> [What you need to do]: Leave out the pictures and restate the rest of the data exactly.

> [Dataset extract]:
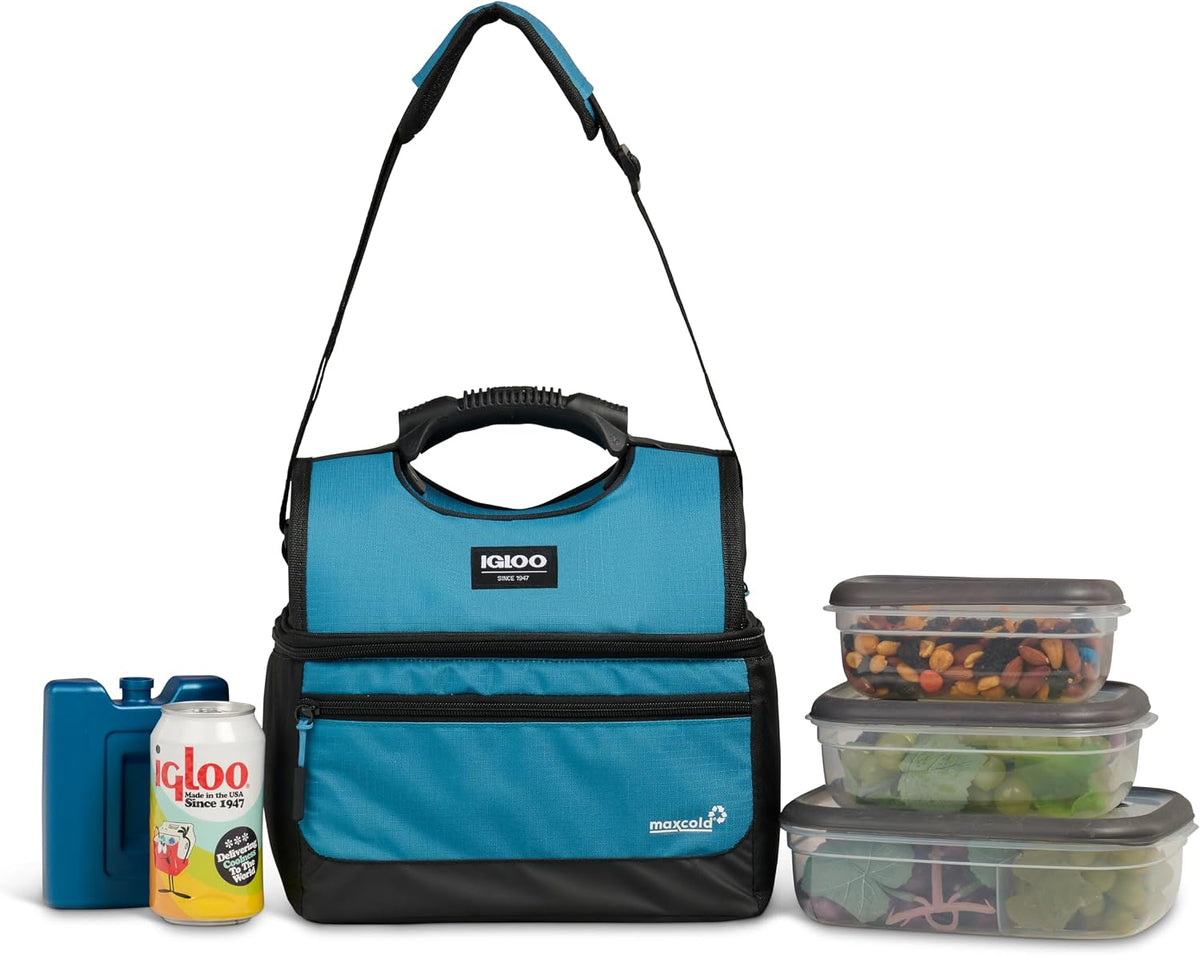 Igloo Latitude Gripper 16 Can Cooler Bag Modern Blue - Shop Soft-sided Coolers at Trekaline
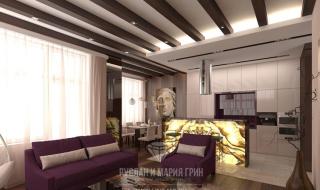 ایده های طراحی اتاق نشیمن مدرن در یک خانه خصوصی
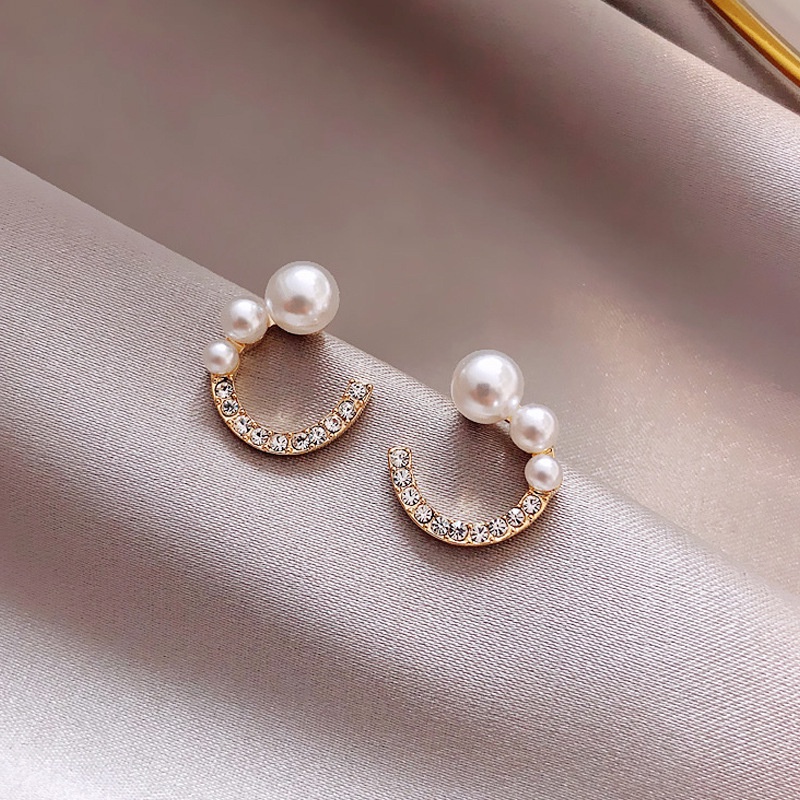 Anting AT192 Perak / Silver S925 Anting Unik Lucu Keren Fashion Wanita / Deluna/BS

> [Answer to the problem]:
 Igloo Latitude Gripper 16 Can Cooler Bag Modern Blue - Shop Soft-sided Coolers at Trekaline
 ایده های طراحی اتاق نشیمن مدرن در یک خانه خصوصی
 Anting AT192 Perak / Silver S925 Anting Unik Lucu Keren Fashion Wanita / Deluna/BS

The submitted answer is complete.